> _Exercise aim_
Word for word, output the data, with none of its pictures.

> _Information supplied_
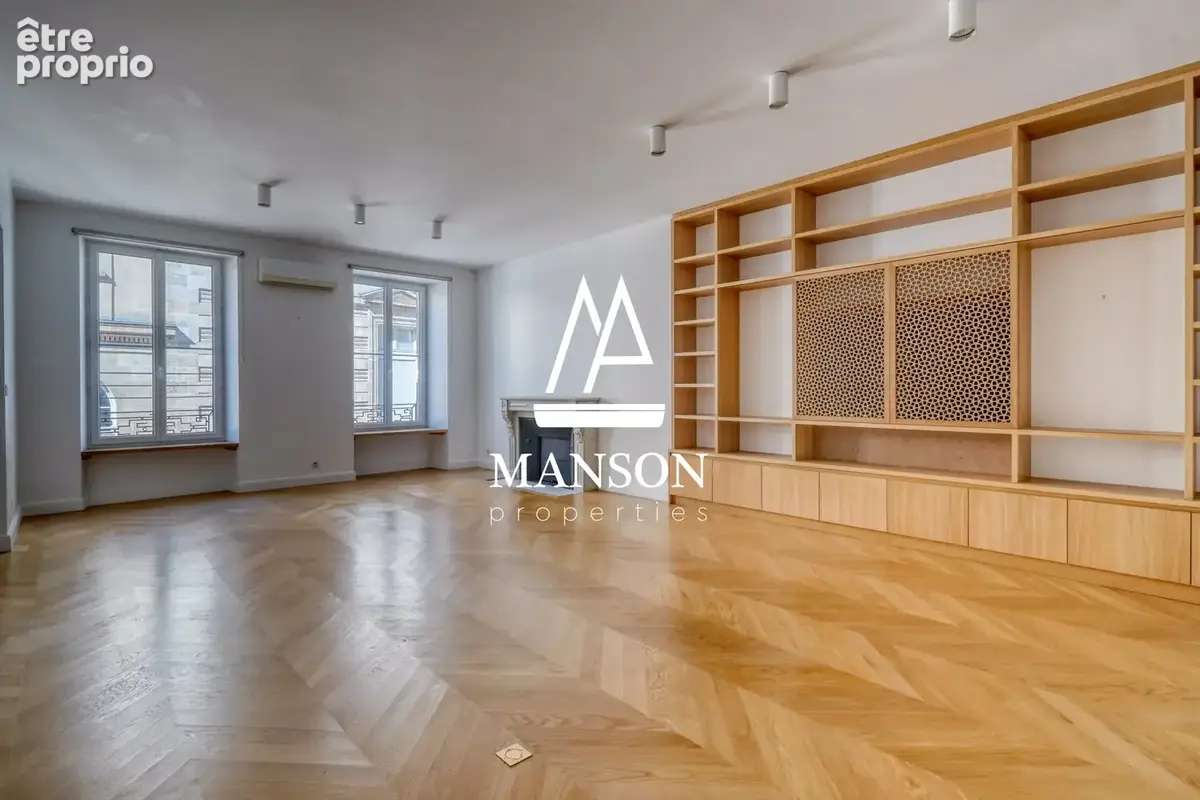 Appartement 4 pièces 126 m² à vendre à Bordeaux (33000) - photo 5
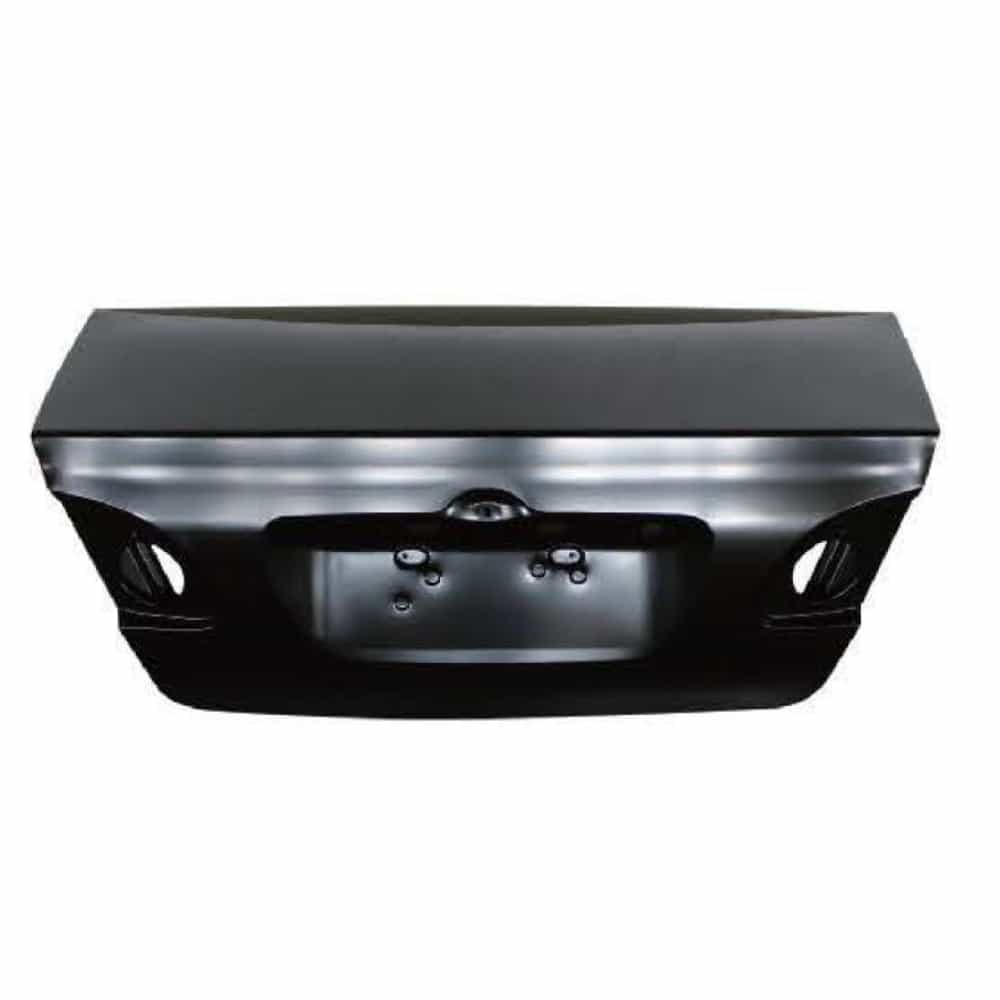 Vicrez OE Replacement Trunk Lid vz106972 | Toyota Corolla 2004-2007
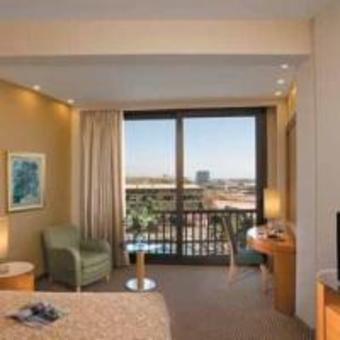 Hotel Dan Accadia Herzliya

> _Solution to this task_
 Appartement 4 pièces 126 m² à vendre à Bordeaux (33000) - photo 5
 Vicrez OE Replacement Trunk Lid vz106972 | Toyota Corolla 2004-2007
 Hotel Dan Accadia Herzliya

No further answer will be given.